Tuesday, December 29, 2009

scribes and audiences

I've finally found some time to get back to Chris Keith's, The Pericope Adulterae, the Gospel of John, and the Literacy of Jesus (Leiden and Boston: Brill, 2009). I've finished the first four chapters, and to this point I've found very little to argue with. In fact, I've been somewhat surprised at the extent of the overlap between Chris's research interests and my own; for example, had I known about his argument regarding the identity and function of "the scribes" [οἱ γραμματεῖς; hoi grammateis] in the New Testament, I would have cited it in my own discussion of the relation between scribes and Pharisees in the synoptic accounts of the Beelzebul controversy (Structuring Early Christian Memory, pp. 180–185). If anything, the main point of difference between Chris's work and my own, I think, concerns his very intense focus on "text-brokerage" (by which the contents and significance of sacred texts are mediated via a small group of literate individuals to a largely illiterate [or insufficiently literate] populace) versus my own interest in the relation between tradition and the texts that embody that tradition. But even here we're both circling around a similar set of questions; namely, How do texts/traditions function within their wider social contexts?

But Keith's fourth chapter, "Scribal Literacy in the New Testament World: The Scribes (and Pharisees) as Text-Brokers," raises a slightly different sent of questions for me than those he pursues. In his comparison/contrast between the synoptic gospels' and Josephus' portrayal of "the scribes," Keith rightly recognizes that the social contexts in which the scribes are portrayed affects how they are portrayed. At one point Keith says,

Even the texts that could possibly be addressed to a predominantly Gentile audience (e.g., Gospel of Mark or Luke-Acts) presume a level of familiarity with a Jewish worldview, as indicated by the fact that these stories are replete with allusions to and direct quotations of the Jewish Scriptures. (Keith 2009: 108)

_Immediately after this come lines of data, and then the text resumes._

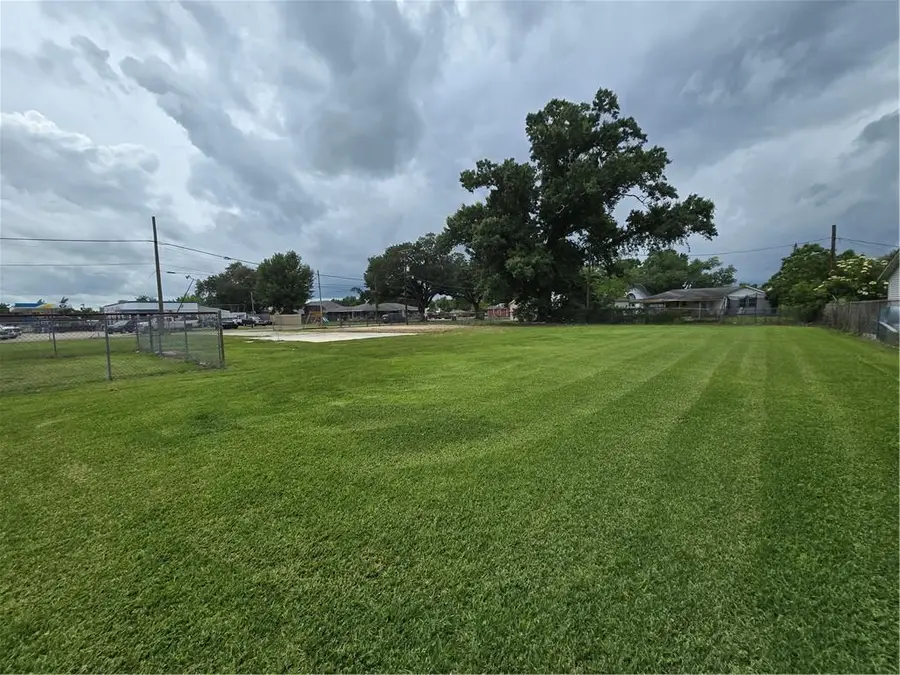 15212 Highway 90 Highway, Paradis, LA 70080 - #3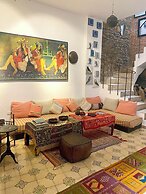Bab El Fen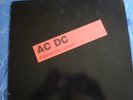 AC/DC Against The Current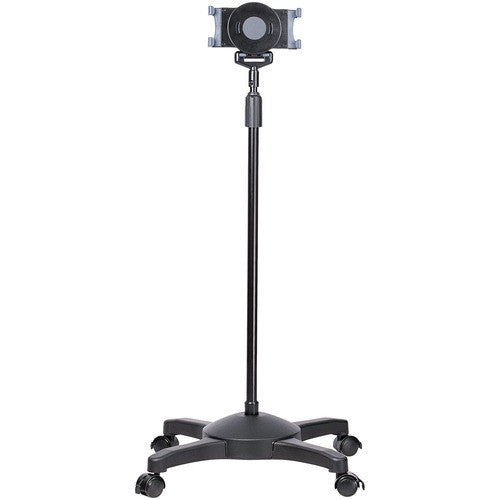 Support mobile pour tablette STARTECH STNDTBLTMOB pour tablettes de 7 à 11 pouces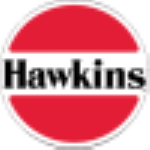 Hawkins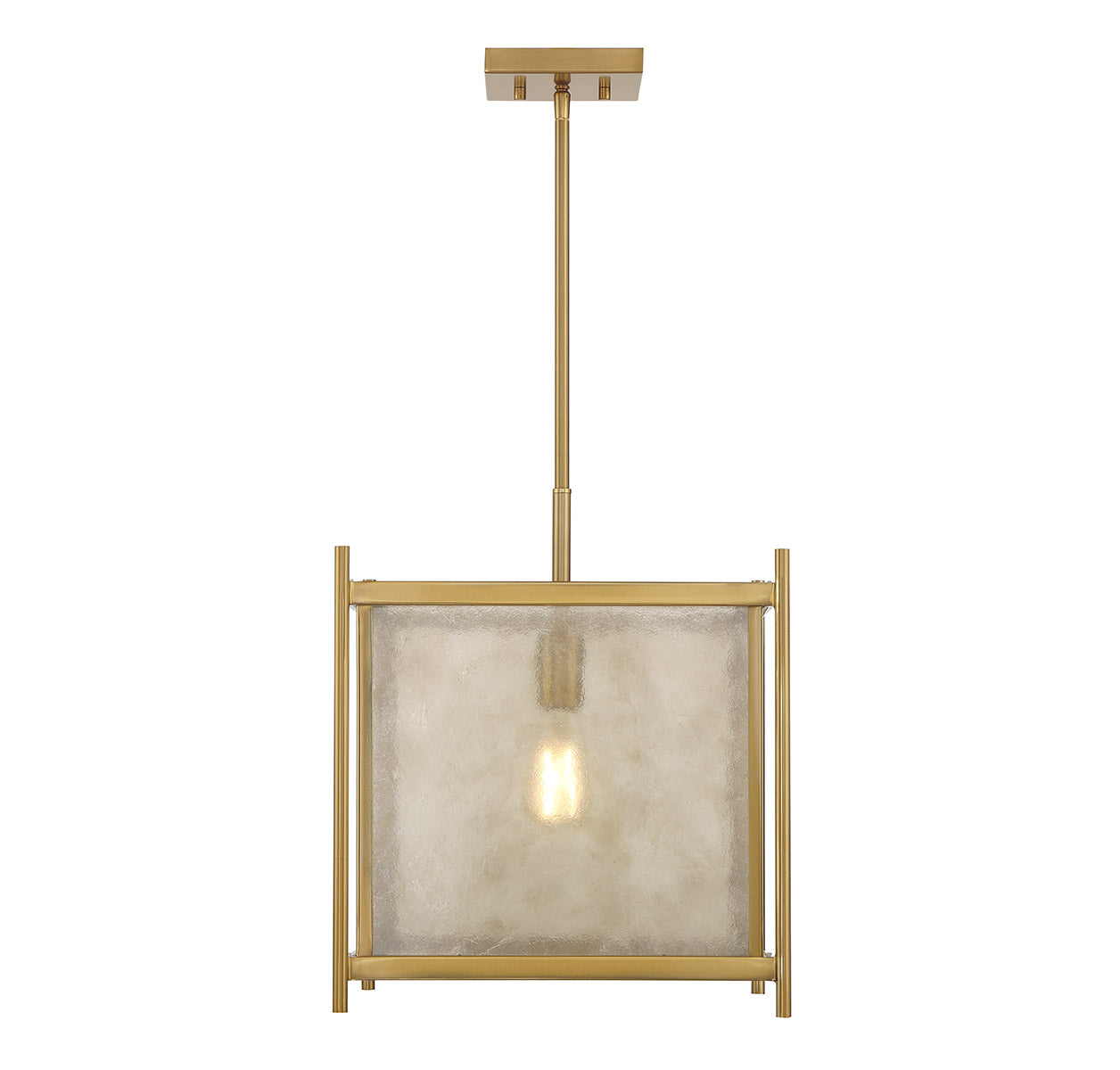 SAVOY HOUSE, JACOBS PENDANT, PENDANT LIGHT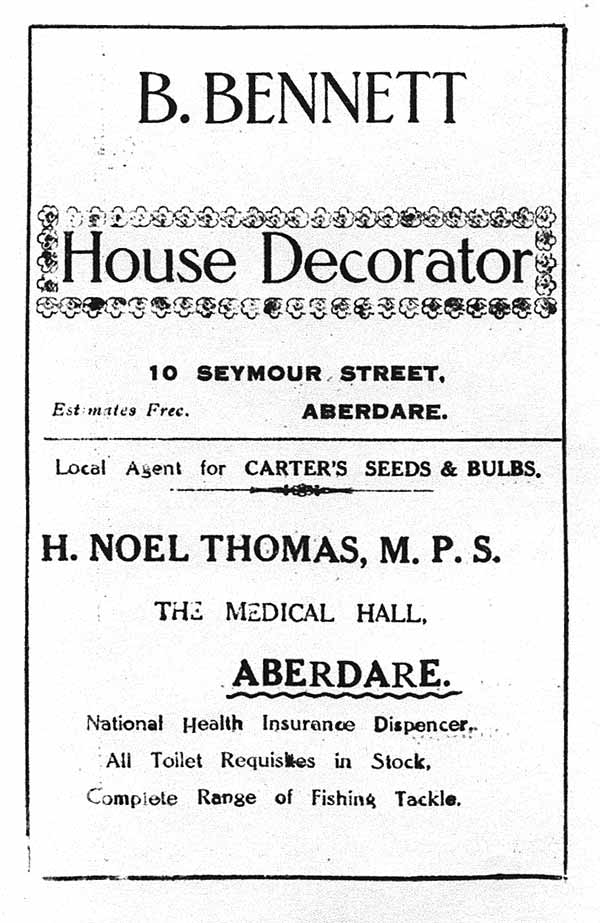 Advert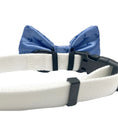 Load image into Gallery viewer, Cutie Ties Dog Bow Tie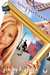 The Big Picture (Katie Parker Productions, #3) by Jenny B. Jones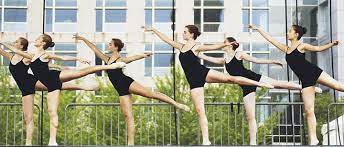 Yes, i agree to receiving emails. Ballet Basics 5 Positions Children Can Practice At Home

I like Chris's agnosticism here regarding the gentile make-up of Mark's, Luke-Act's, or even any of the NT texts' audiences. At the very least these texts "presume a level of familiarity with a Jewish worldview." I rather think that the texts posture their audience as a Jewish group regardless of their ethnic composition. For example, I think the author of 1 Peter does address predominantly gentile Christian groups, particularly on the strength of 1 Pet 4.3–4, which says explicitly that 1 Peter's audience used to pursue "the gentiles' desire" [τὸ βούλημα τῶν ἐθνῶν; to boulēma tōn ethnōn]. But 1 Peter also spends considerable time and energy reframing its audiences in Jewish terms, describing them as aliens and strangers, God's elect, a stone set in Zion, a chosen genos [race], a royal priesthood, a holy ethnos [nation], and even as the prophet Hosea's children (see esp. 1 Pet 2.9–10). In other words, when 1 Peter addresses a gentile audience, it takes special measures to address them as Jews.

I don't see any similar special measures in the gospels. Perhaps the difference is generic: The gospels are narratives that don't explicitly address their audience one way or another; 1 Peter, an epistolary text, does identify and address its audience. But more is going on here, I think. To come back to Chris's discussion, Josephus does write narrative (see his Antiquities of the Jews and Jewish War), but his narratives are couched in a rather different symbolic universe:
Josephus portrays scribes according to his 'aim to explain Jewish society in a more intelligible way to his Greek non-jewish audience.' For the Greek audience Josephus addresses, scribes were functionaries whose grapho-literacy [= ability to write] did not translate into sacred literacy [= ability to read/recite/interpret/apply sacred texts]. . . . Contrary to the writings of Josephus, the Synoptic Gospels aim to portray Jewish society (in this respect) on its own terms, even if portraying it as such for the benefit of Gentile readers. (Keith 2009: 109; citing Christine Schams)

Chris focuses narrowly on Josephus' portrayal of γραμματεῖς [grammateis; "scribes"] and the brokers of Jewish sacred texts (e.g., the "sophists" [σοφισταί; sophistai] at War 1.649). But he raises in my mind the question of how Josephus and the evangelists connect their intended (or at least imagined) audiences and sacred Israelite tradition. I don't have sufficient knowledge to speak authoritatively here (not that that usually stops me), but my impression—uninformed as it is—is that Josephus is demonstrably aware that Torah and the prophets are foreign texts vis-à-vis his audience. The gospels, on the other hand, nowhere demonstrate this awareness. The closest they come, unless I'm missing something, is their translation of Aramaic terms or their explication of (certain) Jewish customs (e.g., Mark 5.41; 7.3–4). But this is a long way from what I think we see in Josephus. Perhaps this is an area for further research.